- Aim of the exercise -
Give again, exactly and only, the lines running from the one with "Property at 41" to the end of the material below; leave out pictures.

- Task data -
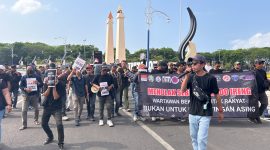 Caption: Imron Muslim, Sekjend Persatuan Jurnalis Sampang saat orasi di depan alun-alun Trunojoyo Sampang aksi demontrasi perihal pernyataan Londo Ireng (Sumber Foto: Agus Junaidi/Pilar Pos)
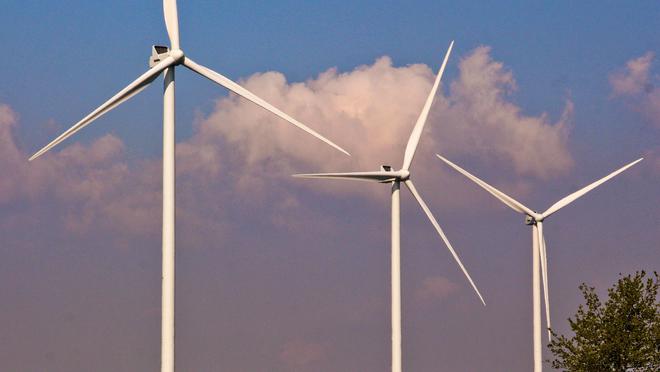 Le coup de gueule de Stéphane Bern contre les éoliennes et la ministre Barbara Pompili: "L’énergie éolienne n’est en rien écologique et renouvelable. Elle pollue la nature et détruit le patrimoine naturel"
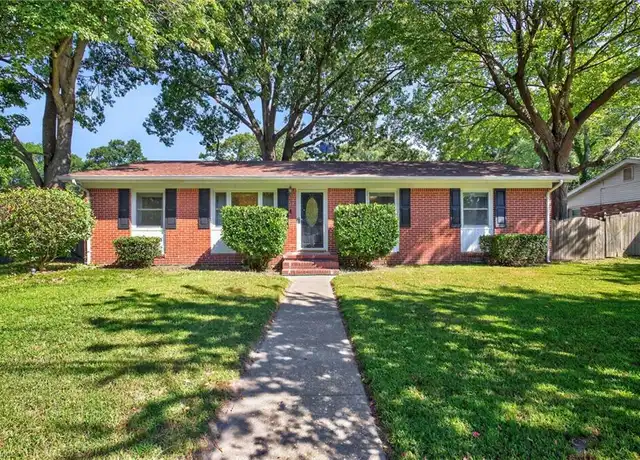 Property at 41 Salt Pond Rd, Hampton, VA, 23664, 3 beds, 2 baths, [object Object]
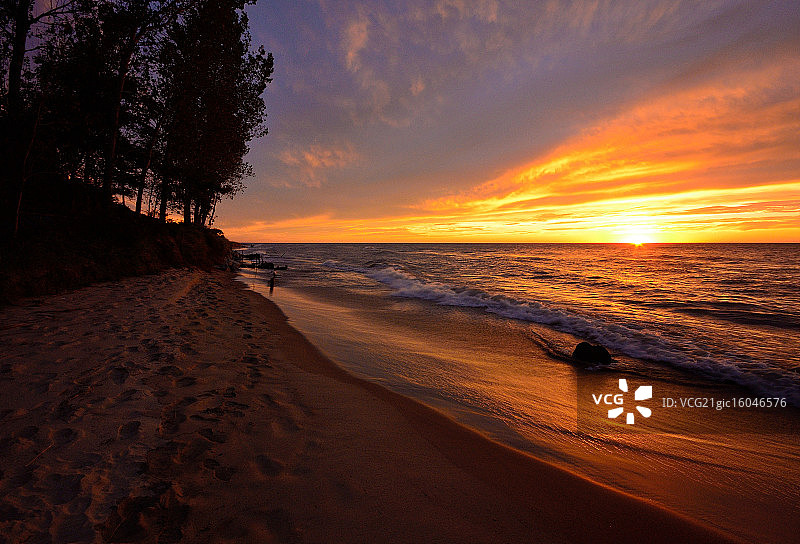 密歇根湖的永恒日落图片素材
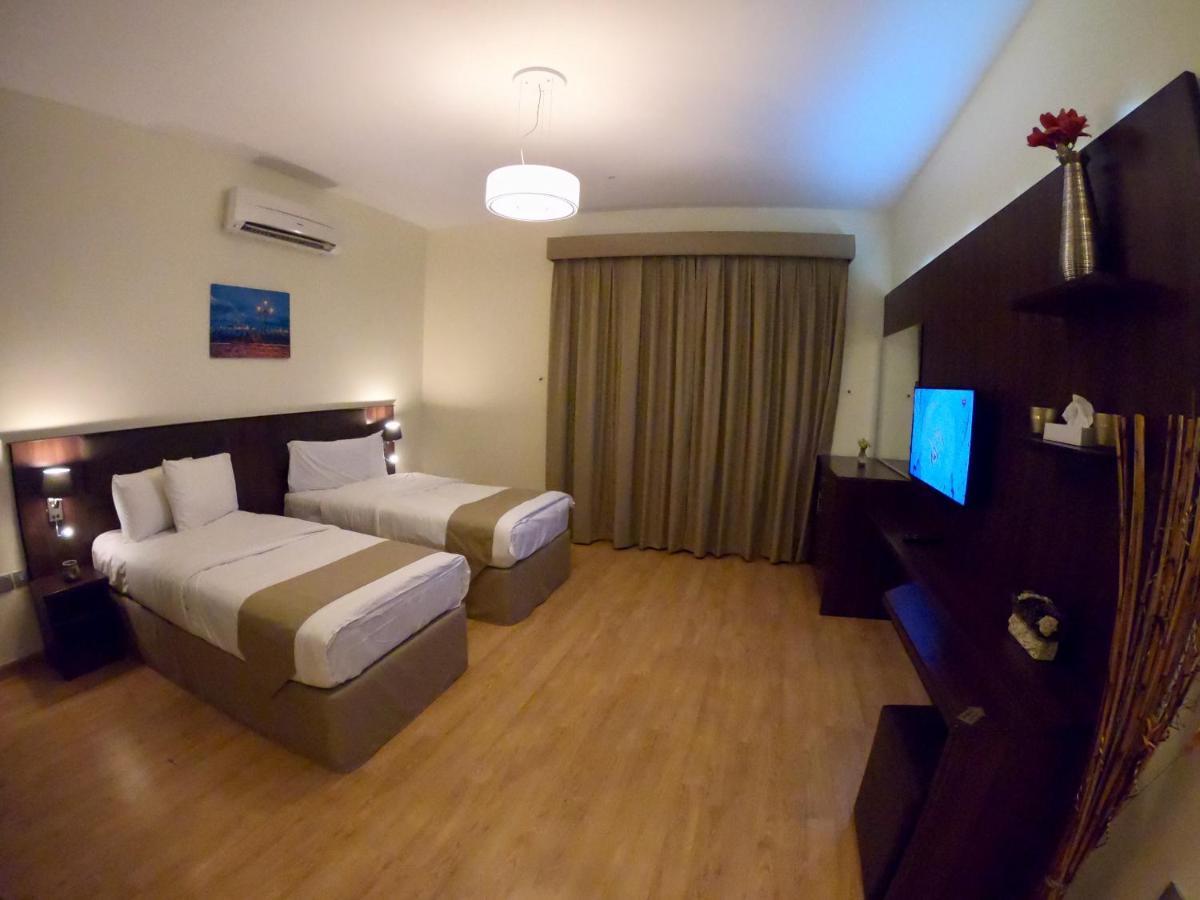Weekend Hotel & Apartments Muscat Eksteriør billede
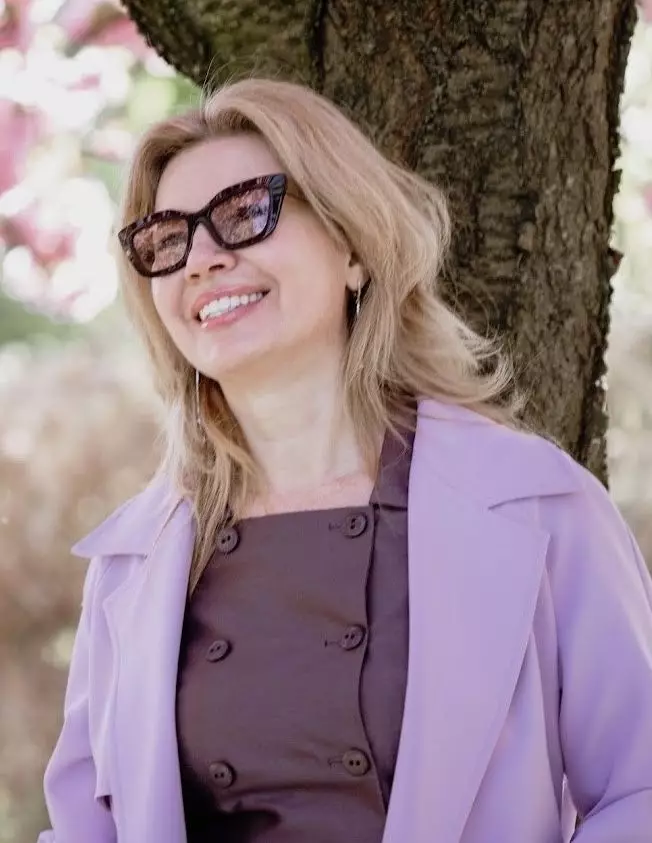 Hanna, 48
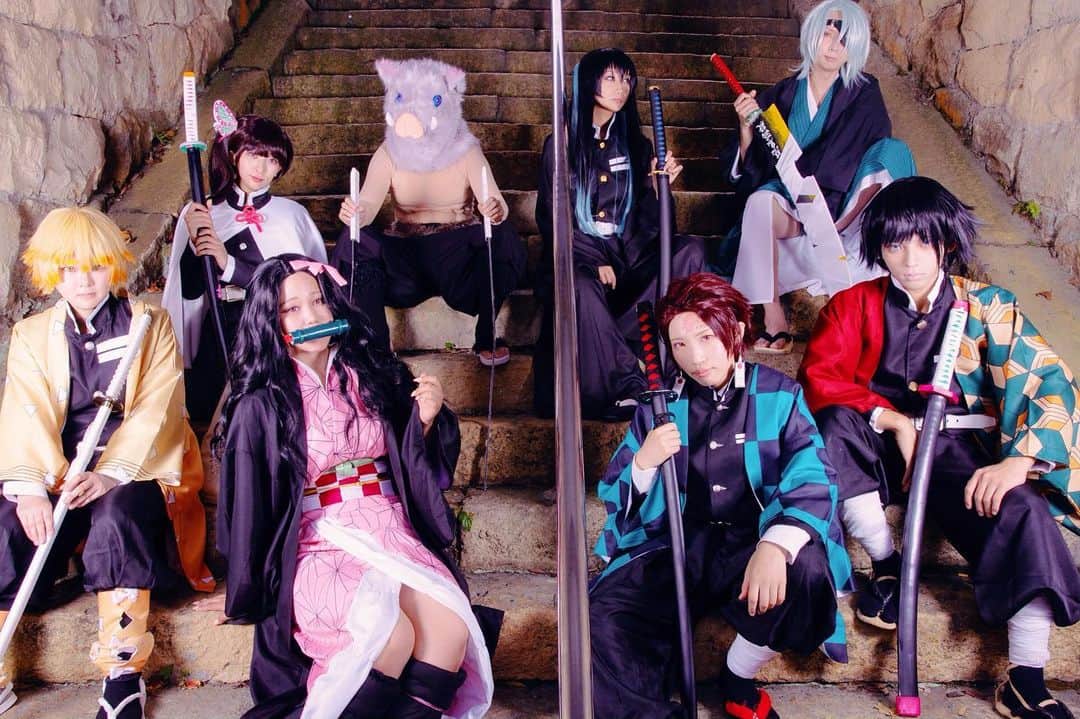 若月雅のインスタグラム：「【 #鬼滅の刃 】 柱併せメンバー＋かまぼこ隊のレイヤー様方と！ 偶然出会ってお写真ご一緒させて頂きました✨ ありがとうございました！ . #cosplay #ラコロール #鬼殺隊 #かまぼこ隊 #カメラマンさんと繋がりたい」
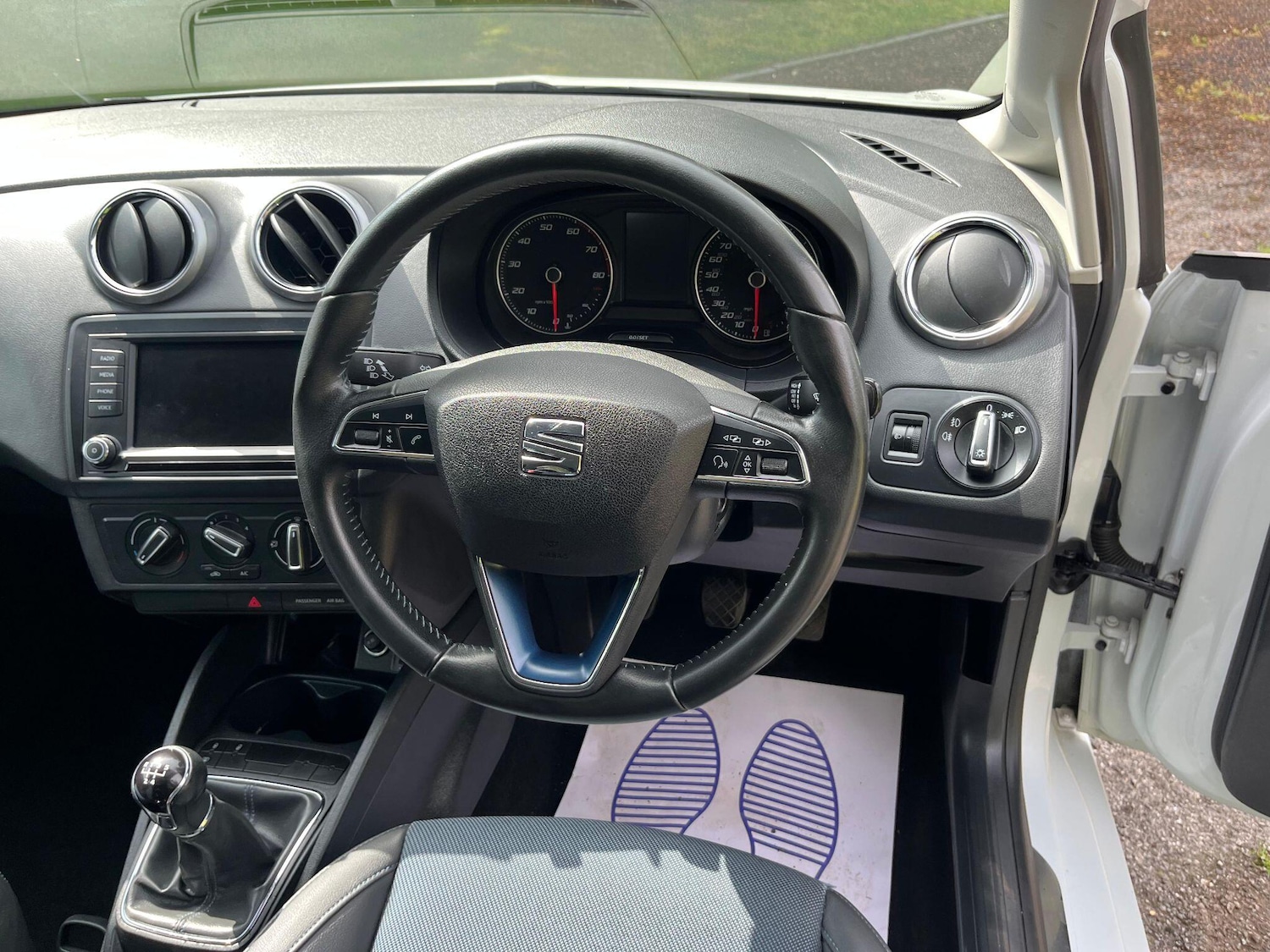 Vehicle 28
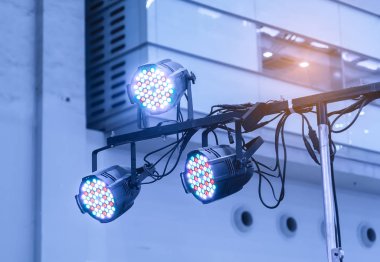 Alışveriş merkezinin çatısında LED ışığı.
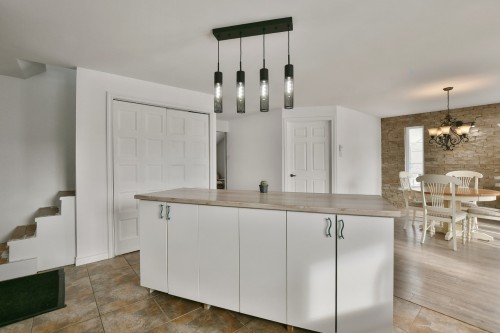 Cuisine - 1811 Ch. Beaudoin, L'Assomption, QC - Indoor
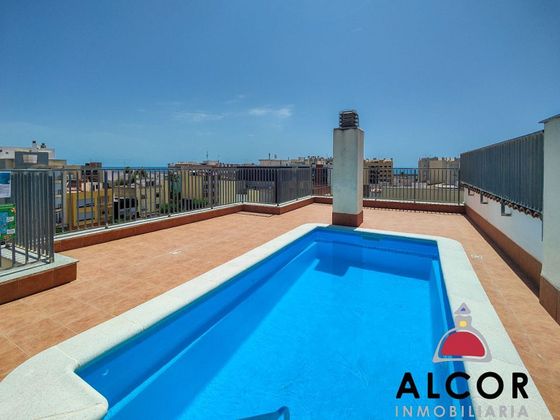 Foto 2 de Venta de ático en Zona Port de 3 habitaciones con terraza y piscina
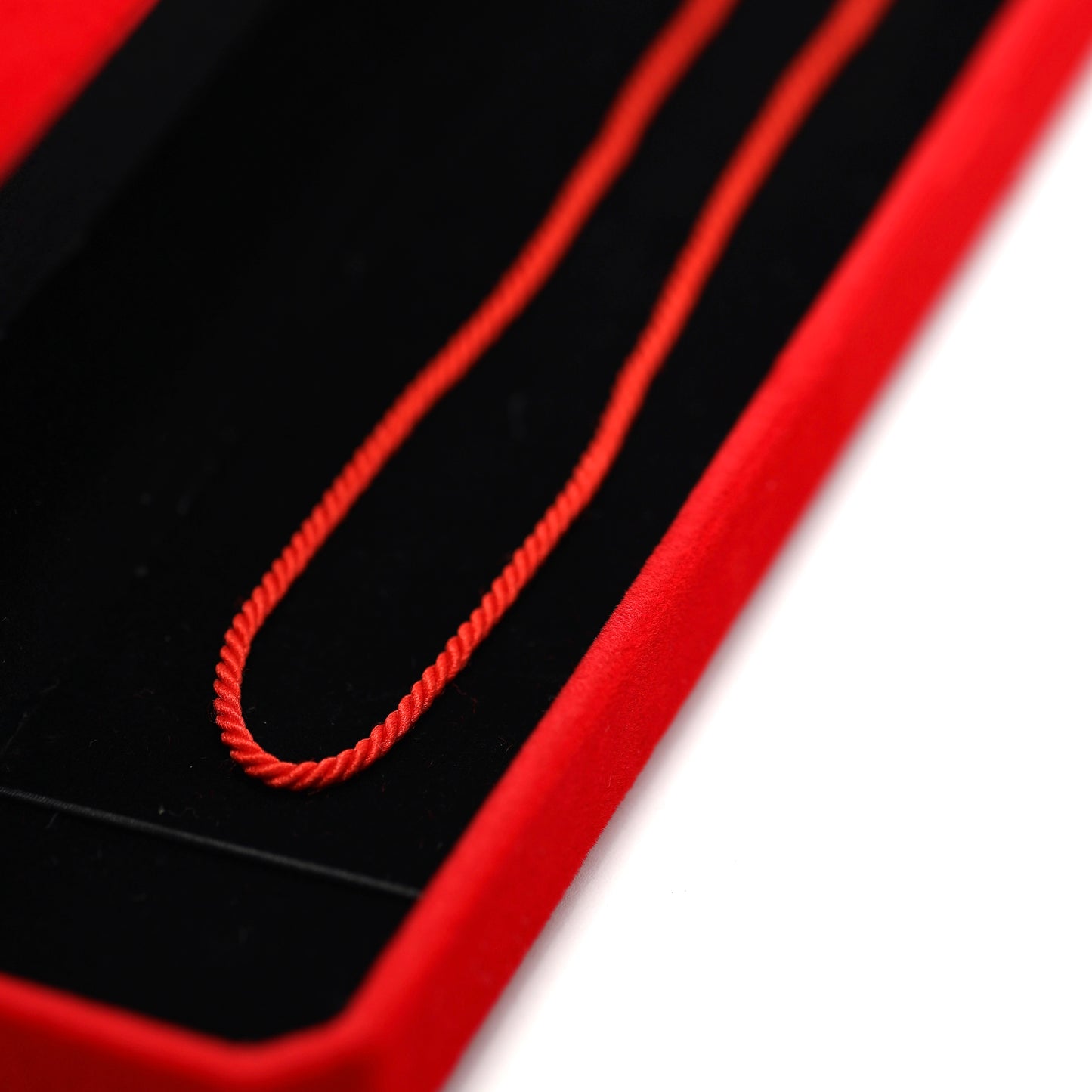 Червоний шнурок зі сріблом 925 | Red Protective Silver 925 Cord Bracelet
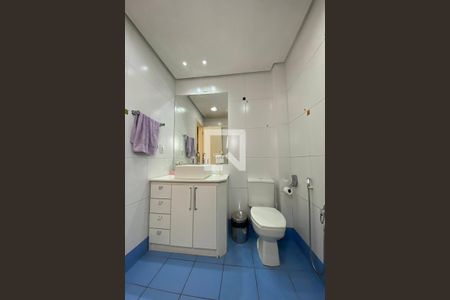 Casa à venda com 168m², 3 quartos e 2 vagasBanheiro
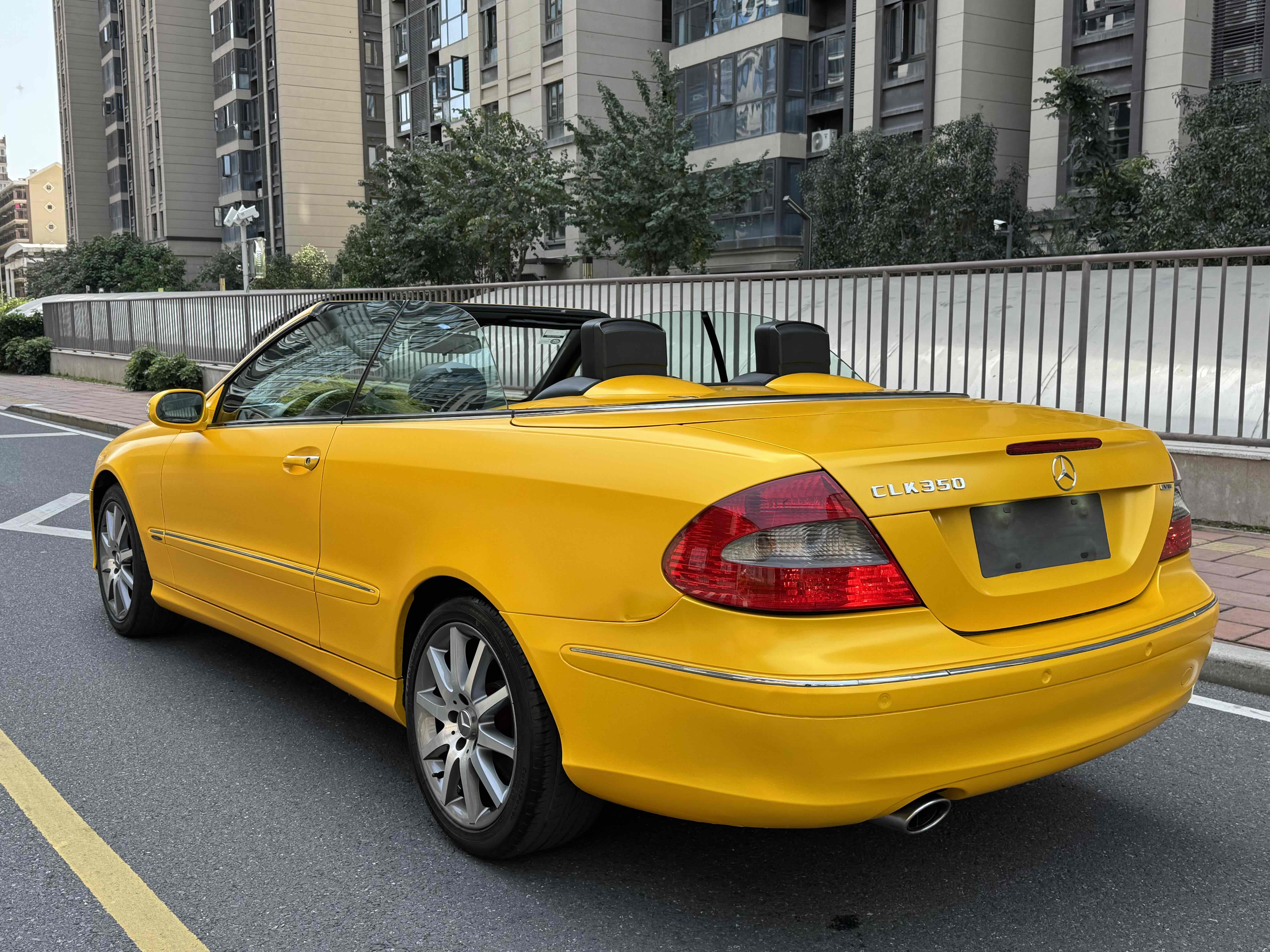 Mercedes-Benz CLK Class 2008 immagine di auto #4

- Answer space -
 Property at 41 Salt Pond Rd, Hampton, VA, 23664, 3 beds, 2 baths, [object Object]
 密歇根湖的永恒日落图片素材
Weekend Hotel & Apartments Muscat Eksteriør billede
 Hanna, 48
 若月雅のインスタグラム：「【 #鬼滅の刃 】 柱併せメンバー＋かまぼこ隊のレイヤー様方と！ 偶然出会ってお写真ご一緒させて頂きました✨ ありがとうございました！ . #cosplay #ラコロール #鬼殺隊 #かまぼこ隊 #カメラマンさんと繋がりたい」
 Vehicle 28
 Alışveriş merkezinin çatısında LED ışığı.
 Cuisine - 1811 Ch. Beaudoin, L'Assomption, QC - Indoor
 Foto 2 de Venta de ático en Zona Port de 3 habitaciones con terraza y piscina
 Червоний шнурок зі сріблом 925 | Red Protective Silver 925 Cord Bracelet
 Casa à venda com 168m², 3 quartos e 2 vagasBanheiro
 Mercedes-Benz CLK Class 2008 immagine di auto #4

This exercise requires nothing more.